Auch der CDU-Gesundheitspolitiker Michael Hennrich findet, dass man in Sachen Lieferengpässen „relativ gut“durch die Pandemie gekommen sei. Das ändere nichts an der Tatsache, dass „das Problem virulent ist“. Für ihn sind Anreize für eine Produktion in der EU „der Schlüssel, das muss das Kernanliegen sein“. Das werde Geld kosten. Aber Europa lege derartige Programme auch für Batteriezellen oder Chips auf, dann müsse das bei Medikamenten ebenfalls möglich sein.
Für die Bundesvereinigung Deutscher Apothekerverbände (ABDA) hatte die Pandemie immerhin einen Vorteil: weniger Bürokratie beim Versuch, fehlende Medikamente zu ersetzen. Eine seit April 2020 gültige Verordnung, so ABDA-Vizepräsident Mathias Arnold, gebe den Apotheken mehr Spielraum, um Patienten mit anderen Packungsgrößen, Wirkstärken oder sogar ähnlichen Wirkstoffen zu versorgen. „Diese zusätzliche fachliche Beinfreiheit der Apotheken verbessert die schnelle Versorgung der Menschen und sollte deshalb auf Dauer – das heißt über den 31. Mai 2022 hinaus – erhalten bleiben.“
Wenn, wie bei Tamoxifen, aber eine sinnvolle Alternative fehlt, hilft diese „Beinfreiheit“auch nicht weiter.

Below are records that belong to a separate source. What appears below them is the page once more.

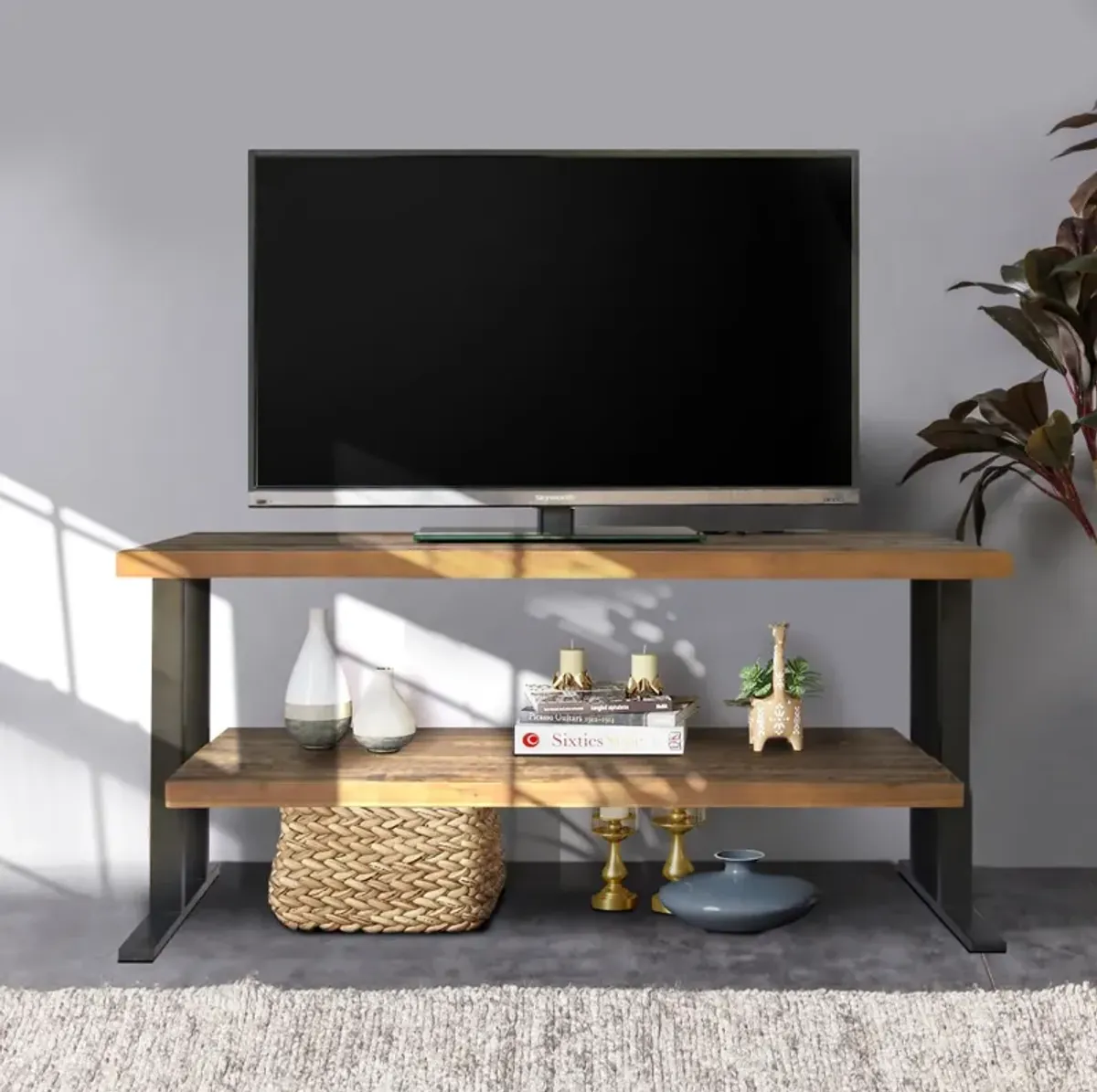 Media Console Table With One Shelf To Your Home Decor, Natural Reclaimed Wood And Black Finish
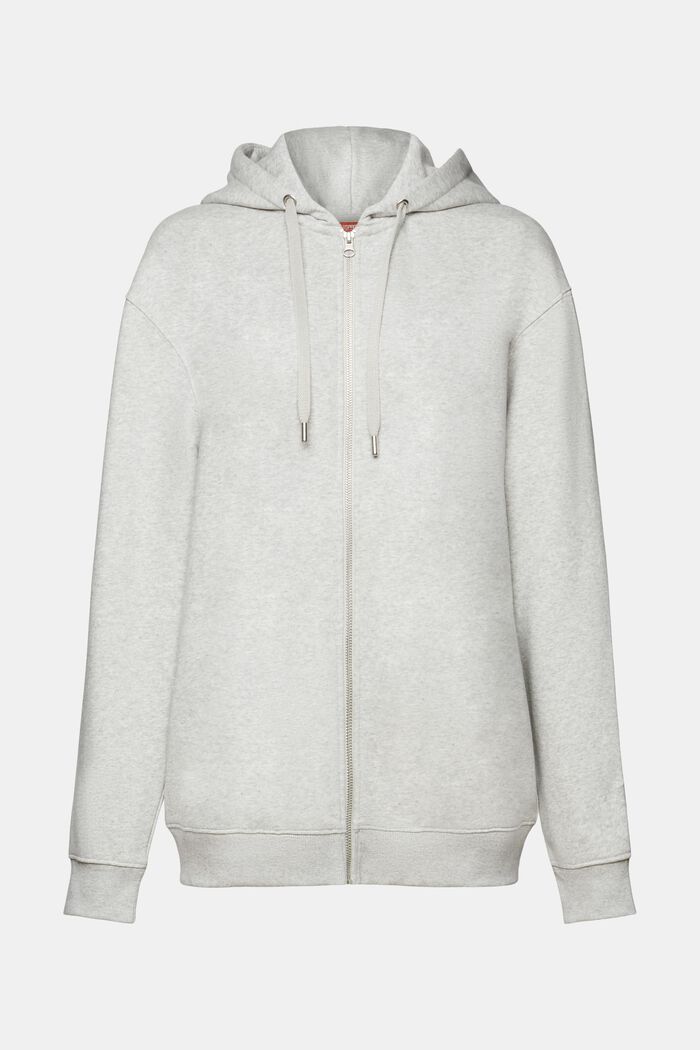 Gerecycled: oversized hoodie met rits, LIGHT GREY, detail image number 5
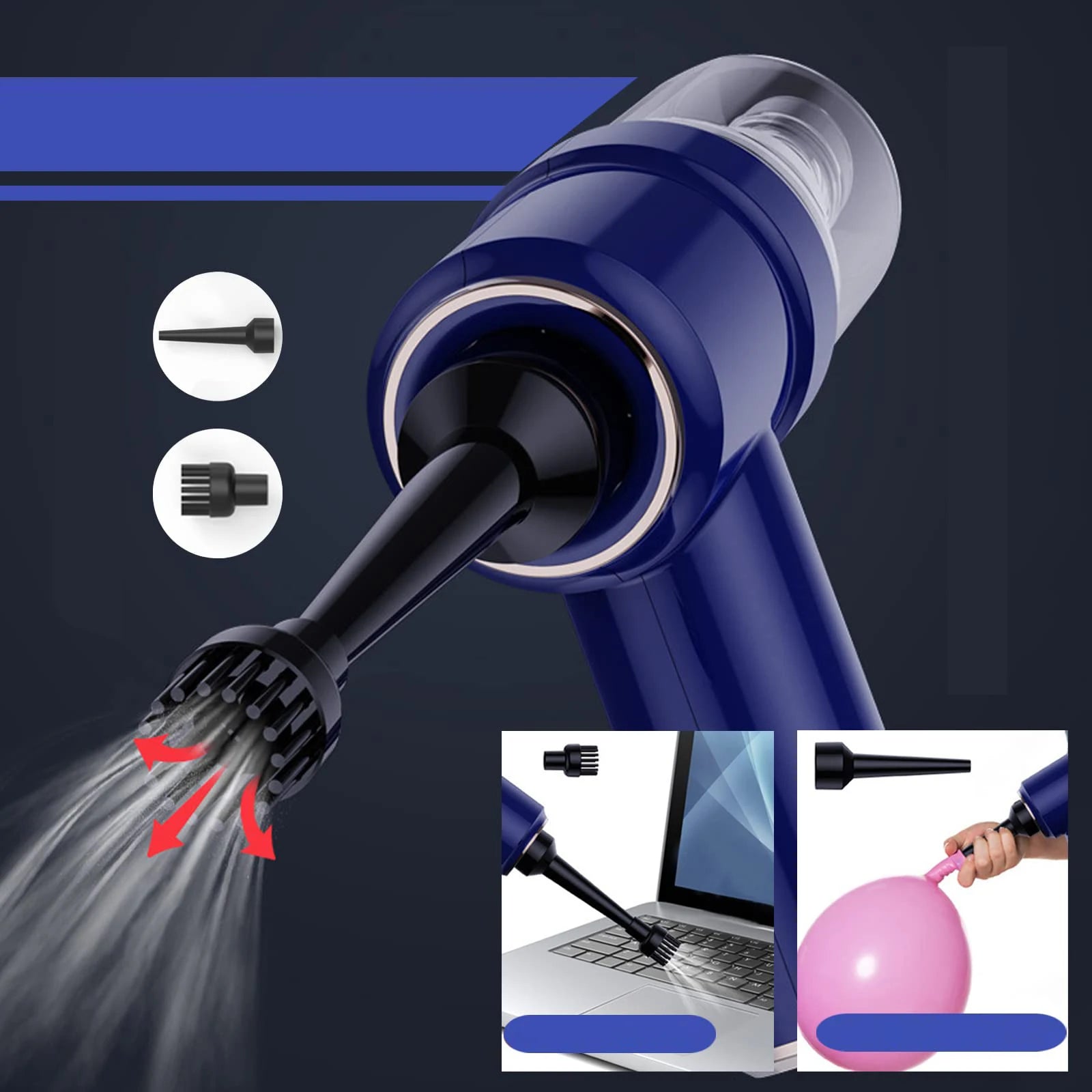 JMT-104458 Portable 2-in-1 Car Vacuum Cleaner with Strong Suction and Large Battery Capacity
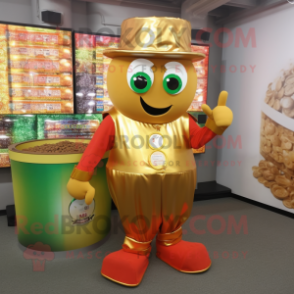 Rust Pot Of Gold mascot costume character dressed with a Romper and Keychains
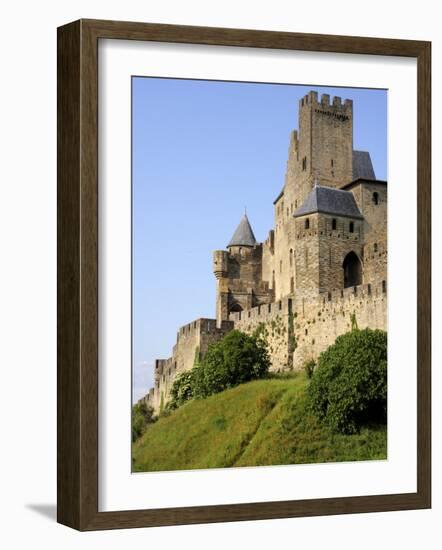 Walled and Turreted Fortress of La Cite, Carcassonne, Languedoc-Peter Richardson-Framed Photographic Print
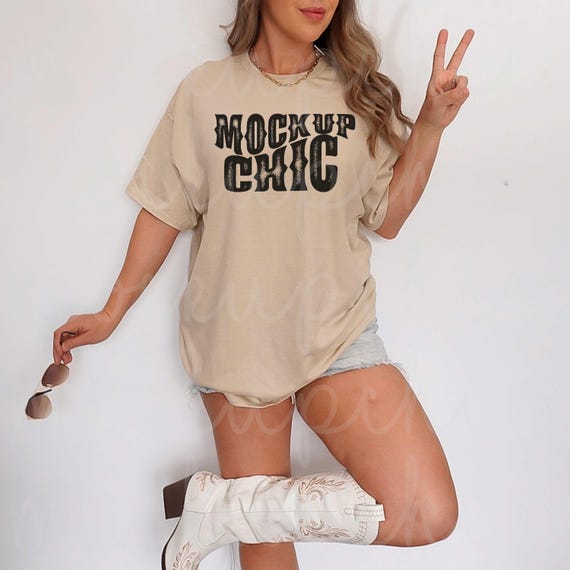 Gildan 5000 Sand Shirt Mockup | Retro G500 Beige TShirt Mock-up | Real Model Photo | Trendy Western Cowgirl Basic Mock | POD Gildan Images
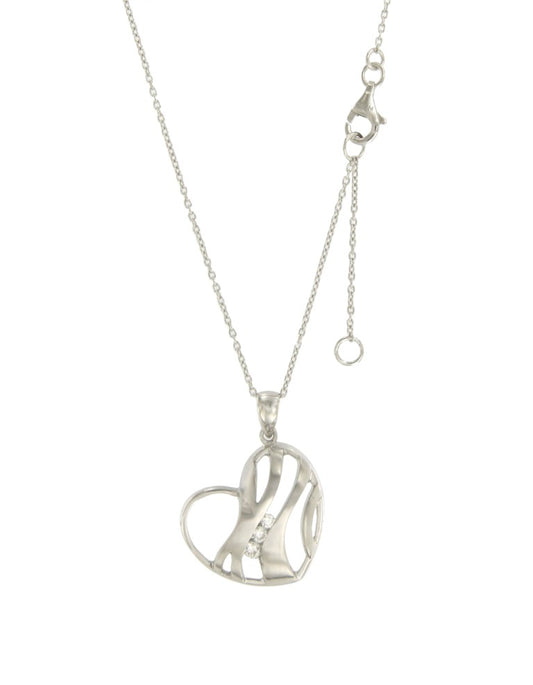 Collier femme argent rhodié cœur ajouré zirconia 42cm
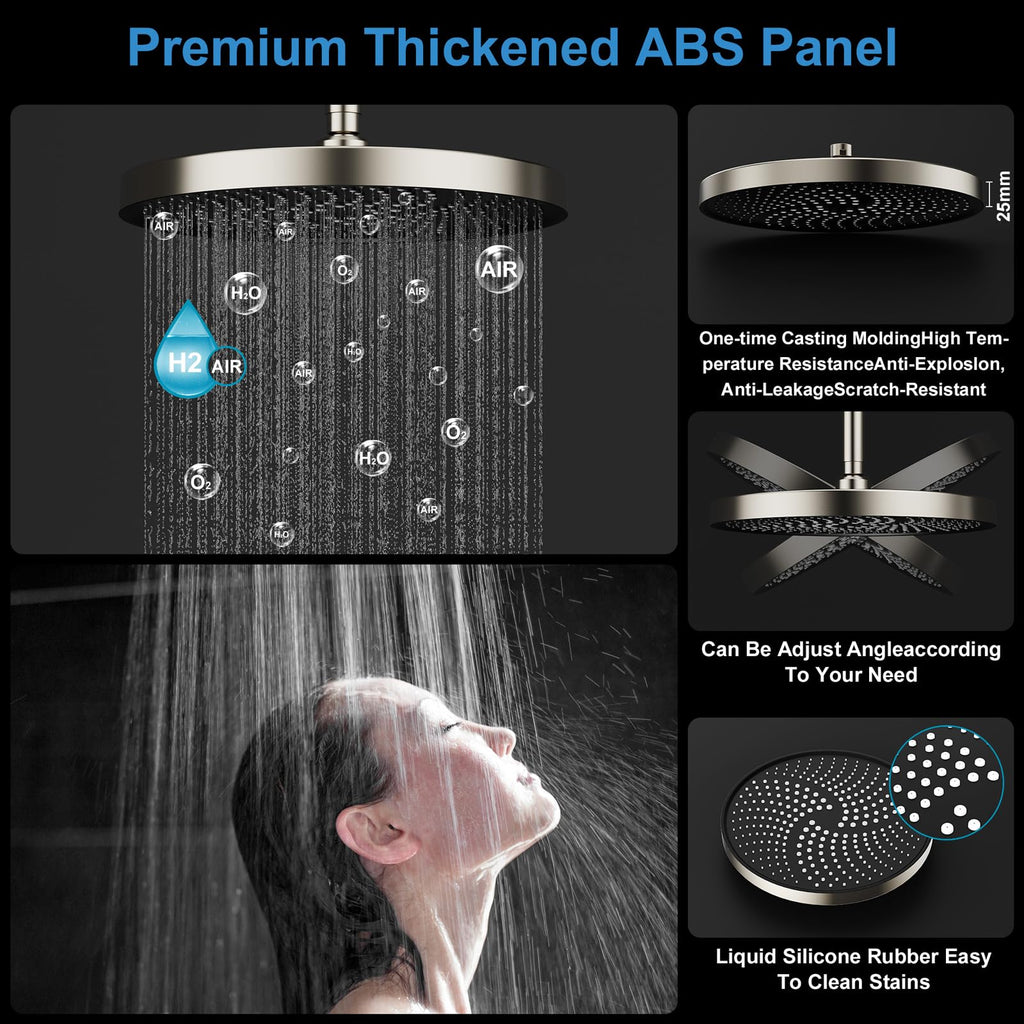 Shower System Brass Thermostatic Shower Faucet Set With Valve and Diverter Shower Mixer with 2 Rain Shower Head and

Herr Professor Riedel, das Bundesinstitut für Arzneimittel und Medizinprodukte listet 243 Lieferengpässe auf – bei mehr als
100 000 zugelassenen Arzneimitteln. Ist die Debatte größer als das Problem?
Die Anzahl der nicht lieferfähigen Arzneimittel ist in den letzten zwei Jahren konstant, wobei Medikamente immer wieder lieferfähig werden und andere dafür nicht lieferfähig sind. Das stellt eine Herausforderung dar. Apotheker haben täglich damit zu kämpfen, ein nicht lieferfähiges Medikament ersetzen zu müssen.
Sind denn Patienten in Gefahr? Generell betreffen die Engpässe sowohl krankenhausrelevante Arzneimittel als auch Medikamente der Apotheken. Zumeist handelt es sich um Generika, also Nachahmerpräparate. Dennoch können wir beruhigt sein, zurzeit ist bei uns die Versorgung aufgrund der vielen verschiedenen Medikamente trotz diverser Unannehmlichkeiten sichergestellt. Aktuell wurde jedoch ein Lieferengpass für tamoxifenhaltige Arzneimittel gemeldet. Um die Versorgung dennoch möglichst zu gewährleisten, hat die Behörde einen Maßnahmenkatalog verabschiedet.
Brauchen wir mehr Produktion in Europa?
Mehr europäische Produktion wäre tatsächlich ein Lösungsansatz. Darüber hinaus muss man prüfen, in welchem Zeitfenster Arzneimittelpreise an Marktentwicklungen wie die aktuelle „Preiserhöhungswelle“der Rohstoffe anzupassen sind.